All this is great for business. “Many climate scientists expect droughts to become more common in the coming years, and more extreme weather events are likely to make the price of water go up. Some believe that mass desalination … will be necessary to ensure an adequate global water supply,” reads the Motley Fool’s bullish 2025 prediction of “the multimillion-dollar industry” in water and its related technologies. “Demand for the resource is increasing while the supply is limited. That means now is a great time to consider investing in water stocks.”
Protecting those investments sometimes calls for radical tactics. In 1999, peasants, workers and students rose up against the privatization of water in Bolivia’s Indigenous lands by Bechtel and other global corporations, with the backing of the government and the World Bank. The year-long Cochabamba Water Wars reached peak fury when government soldiers shot a 17-year-old student protester in the face, killing him. He was not the only casualty.
Donald Trump’s reactions to the LA fires – mocking Governor Gavin “Newscum” and threatening to stanch federal aid if the state does not adopt his preferred (and disproven) water management policies – augur fiercer wars to come. During his first administration, Politico later discovered, Trump withheld emergency funds from Washington, Georgia and Utah over spats with their governors. He told Maryland’s governor to “ask nicely” before he released desperately needed funds. He blocked Fema aid to Puerto Rico after Hurricane Maria to reroute it to Texas and Florida – and instead tossed paper towels into a roomful of Puerto Ricans.

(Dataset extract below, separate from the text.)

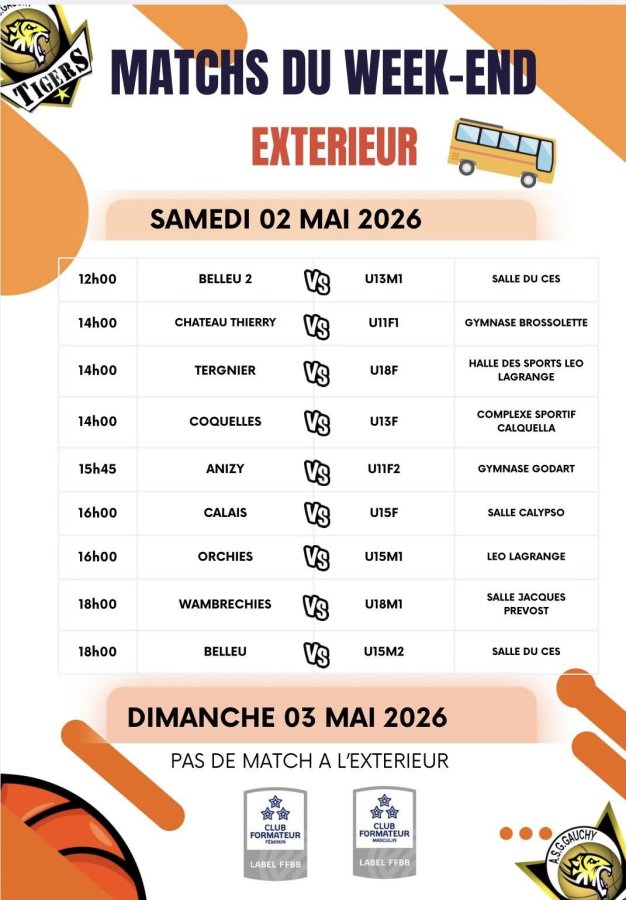 matchs extérieurs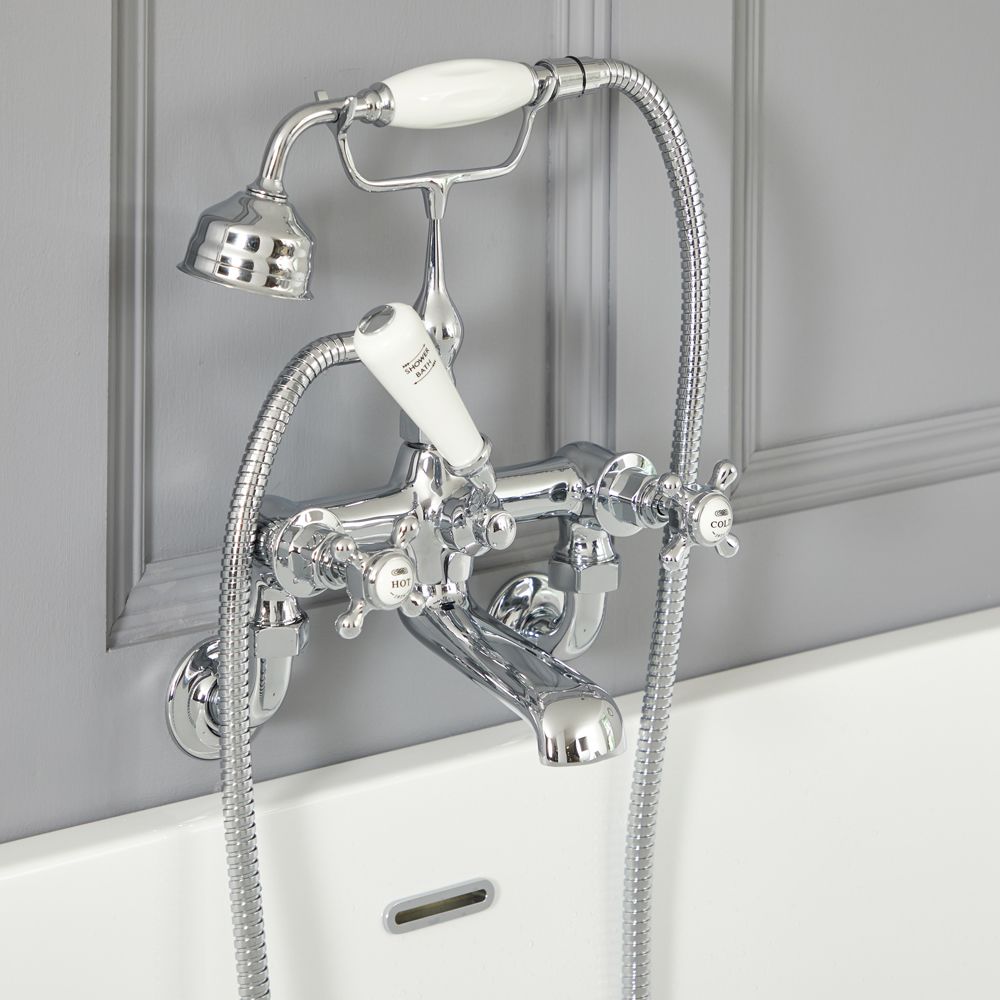Milano Elizabeth - Traditional Wall Mounted Crosshead Bath Shower Mixer Tap - Chrome and White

This time around, nobody is hiding the political transactions in which climate disaster victims are bought and sold. Citing alleged fire and water mismanagement (and maneuvering to raise the debt limit), the House speaker, Mike Johnson, suggested placing “conditions” on federal aid to victims of the fire. Other Republican climate deniers are promoting whacked-out fire science; budget hawks are scolding California Democrats for stinting on fire prevention and mitigation. Even the chair of the San Francisco Republican party has opined that if local and state [read: Democratic] leaders don’t get their acts together, “we need to not write endless blank checks for large disasters.”
Trump has pledged to rescind Joe Biden’s carbon-reducing policies. The disasters and their costs will multiply. But there may be no government entity solvent or coherent enough to write those checks. Project 2025 proposes to take the F out of Fema and delegate disaster relief to the states, which cannot afford it on their own. The policy blueprint also recommends chopping up the National Oceanic and Atmospheric Administration and privatizing the National Weather Service. If you want alerts about approaching hurricanes or fires, you – and your state’s emergency preparedness agency – will have to buy them.
Will water be a high-priced commodity or a priceless resource? “The political question is who owns water and who gets to control water,” declared the Canadian environmentalist and water rights activist Maude Barlow at the World Water Forum in Kyoto in 2003. Participants there represented “two very, very different visions of a future for water”, she said. One sees water as “an economic good to [be put] on the open market for sale to the highest bidder”. The other, a global environmental justice movement, holds “a vision of water as a part of the global commons and treated as a public trust for all time by governments everywhere”.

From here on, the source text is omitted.